Memory challenges for Flux on Resnet

I’m attempting to reproduce Resnet (from Metalhead.jl) on ImageNet performance through simple demos for a single GPU setup (I’m on a RTX A4000, 16Bg, ~6000 CUDA cores) and stumbled upon 2 memory related challenges.

A first concern was that the ability to train on large batches was limited compared to other framework. For exmaple, in this Gluon/MXNet tutorial, Resnet 50 is trained wirth a batch size of 64 per GPU (256 split into 4 GPUs) with 12Gb each. In the following smaller reproducible example, resnet-base-curand.jl, batch size had to be limited to 20, which is over 3X smaller while having 16Gb memory rather than 12Gb. Although I’m aware that Julia isn’t currently super greedy on memory mgmt, are such limitations also expected on GPU code where the bulk should be CUDNN wrapers to convolution operators?

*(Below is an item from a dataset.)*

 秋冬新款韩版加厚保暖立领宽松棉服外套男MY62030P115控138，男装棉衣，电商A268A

Another issue came from the build up of CPU RAM during training. This happens only when the program performs both the image read and transform plus the Flux gradiant pass. For example, there’s no RAM issue when performing only the image loading step such as in test-loader.jl nor in the above Flux only steps. I could thus only reproduce with resnet-base.jl which requires to have the ImageNet available on the machine.
CPU RAM grows up steadily through batches, starting from around 12Gb up to the full 64Gb available after roughly 1000 batches.

I’m unclear whether such memory leakage more likely concerns DataLoaders or Zygote as on one hand, the model gradient pass should not involve much CPU, though on the other, the test running only the DataLoaders without any Flux model works fine. Also, the CPU memory usage doesn’t seem to build up when launching with a single thread, as opposed to 6-8 threads which are needed for decent training speed. This memory caveat can be avoided by adding batch % 200 == 0 && GC.gc(true) within the loop for (batch, (x, y)) in enumerate(CuIterator(dtrain)), though having to add such step seems an anomaly. Could this issue be related to some of the GC topics recently discussed at JuliaCon?

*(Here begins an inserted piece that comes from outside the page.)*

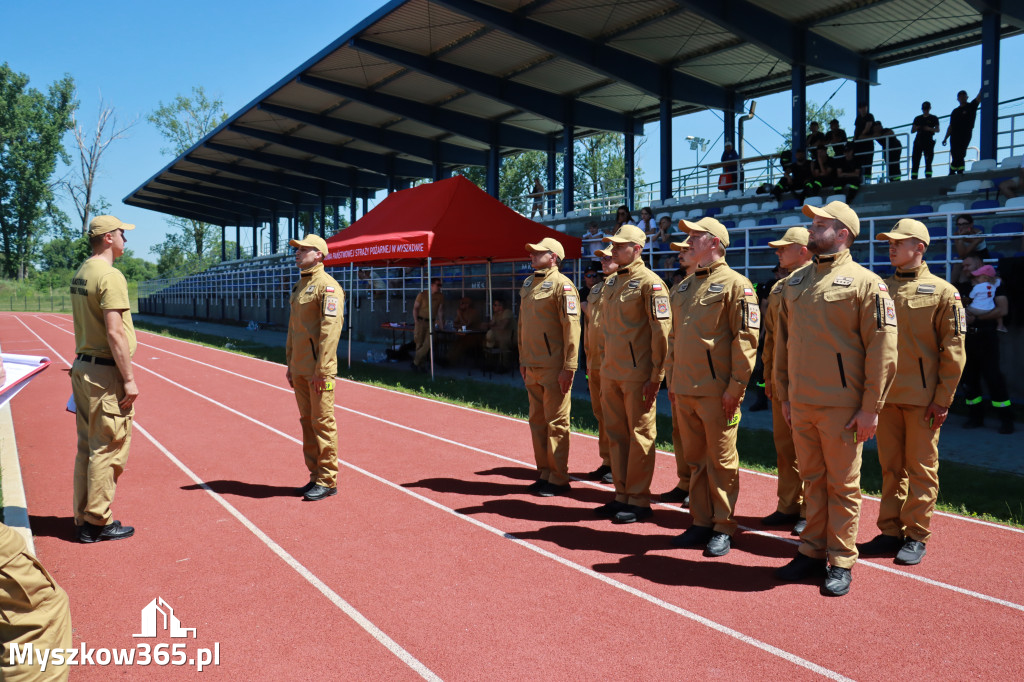 Fotorelacja II: Gminne Zawody Sportowo-Pożarnicze w Myszkowie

Finally, I’ve yet to match published results on Resnet34 and 50, although I got fairly close with 66%-68% top 1 accuracy. I’d be curious to know if anyone has had success doing so on a single GPU setup and would have a reprocible script. Such model fitting feels like a 101 for a DL framework, and so I’d have interest to see a Flux reproduible recipe to do that.

For info, 1 epoch for Resnet34 takes 3600 secs which I consider good, though it climbs to 7200 sec with resnet50, which is likely due to the limited batch size.

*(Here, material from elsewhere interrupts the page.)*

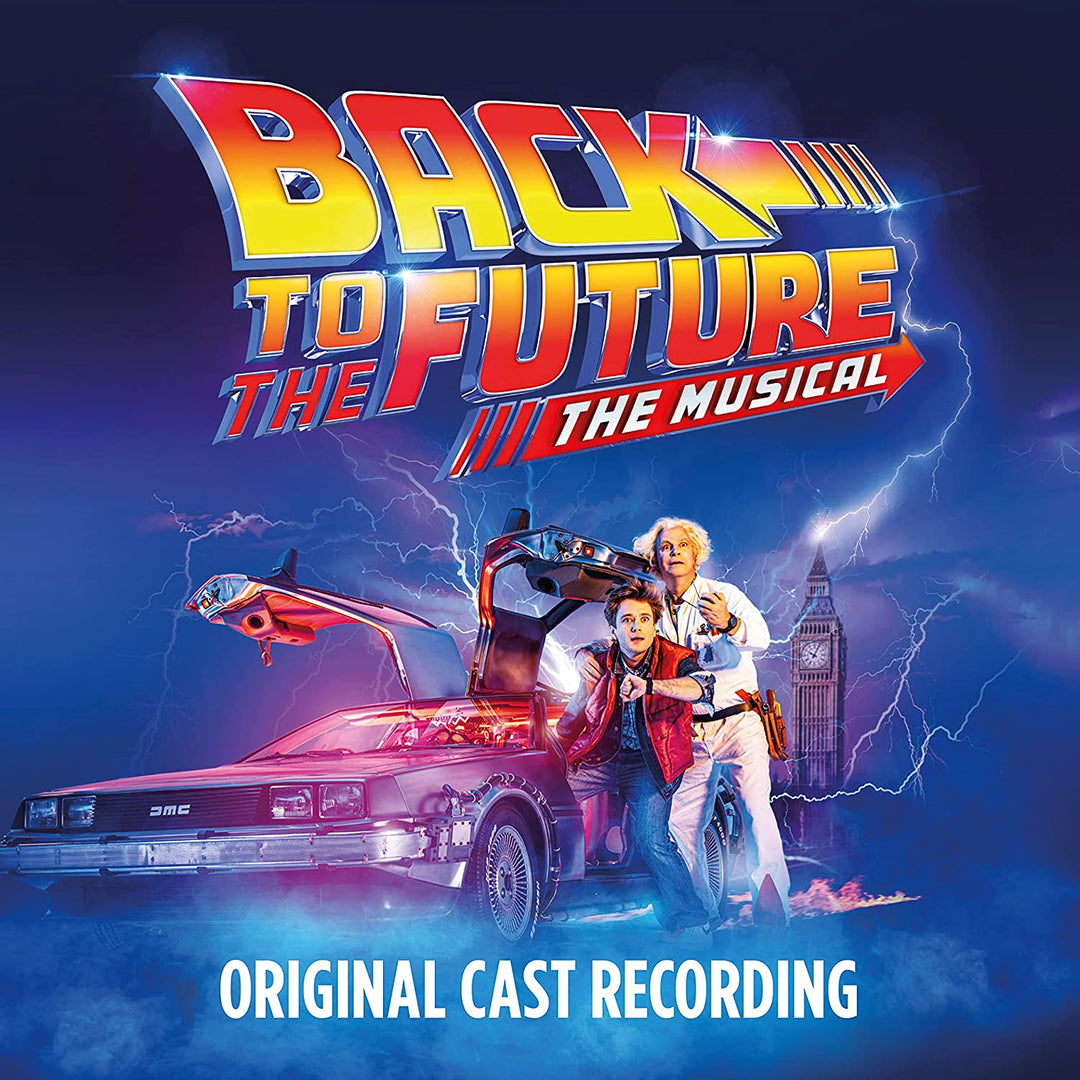 ORIGINAL CAST O - Back To The Future: The Musical [Audio CD]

Using ENV["JULIA_CUDA_MEMORY_POOL"] = "none" allows to train a Resnet50 model with larger batch size. I could actuallygo up to 64 on a 16gb A4000 (compared to max batch size 20 with default memory pool). However, disabling CUDA memory pool results in a significant 3X slowdown.

With memory pool - resnet50 - batch size 20
70.152556 seconds (37.26 M allocations: 2.238 GiB, 1.74% gc time)

Without memory pool - resnet50 - batch size 20
213.827493 seconds (37.20 M allocations: 2.235 GiB, 0.65% gc time)

(code for the experiement is here).

Is there a way to get best of both world: accomode large batch sizes such as the memory pool disabling allows, while retaining the performance associated with the memory pool? @maleadt


FWIW it is also my experience that pytorch GPU memory management beats julia by 2x on big convnet workloads. Personally my solution is to use pytorch in such situations. But I would love to come back to julia for these tasks. See also here.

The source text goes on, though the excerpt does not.